U.S. to Flood World with Dollars
There is a dangerous misconception that deflation is a decline in wages and prices. Deflation is, in fact, a decrease in the money supply. While we have witnessed a deleveraging of the derivative market, which explains the drop in asset prices, the monetary base has exploded.

Much of the current strength of the dollar can be attributed to psychology—folks are scared and are running to perceived security—as well as short term technical factors. The demand for dollars is high which is keeping the velocity of money low. Since more dollars are being held, there are less dollars competing for products. Hence, the price of products is staying low. However, as more and more dollars enter the system, there will be less incentive to hold them in savings. An increase in the number of dollars will result in a bidding up of prices as more dollars compete for the same amount of products.
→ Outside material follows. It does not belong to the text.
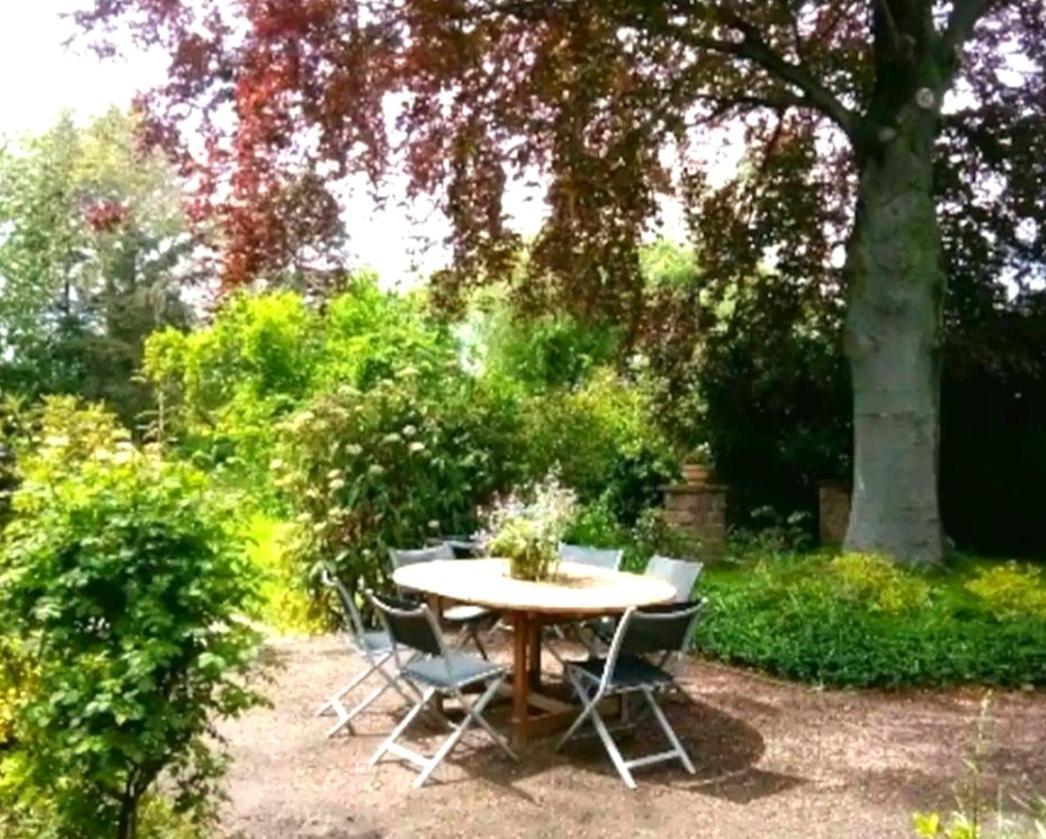 Ferienhaus Dr. Mueller Meißen Eksteriør billede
We are in the first stage of a possible hyper inflationary environment. The inflation is entering the system, but because of the high demand for dollars, people don't realize it because prices have not started to rise yet. In stage two, as more dollars compete for products, prices begin to gradually rise. However, people still try to hold their dollars thinking that the price rise is temporary and that they will soon drop. In stage three—the actual hyperinflation—prices are rising so quickly that people spend money as soon as they receive it, causing a negative feedback loop that results in a fiat currency dropping to its intrinsic value, zero.
Although it is impossible to predict the future and to know how it will all play out, keep your eyes on the horizon. There is an inflationary hurricane brewing.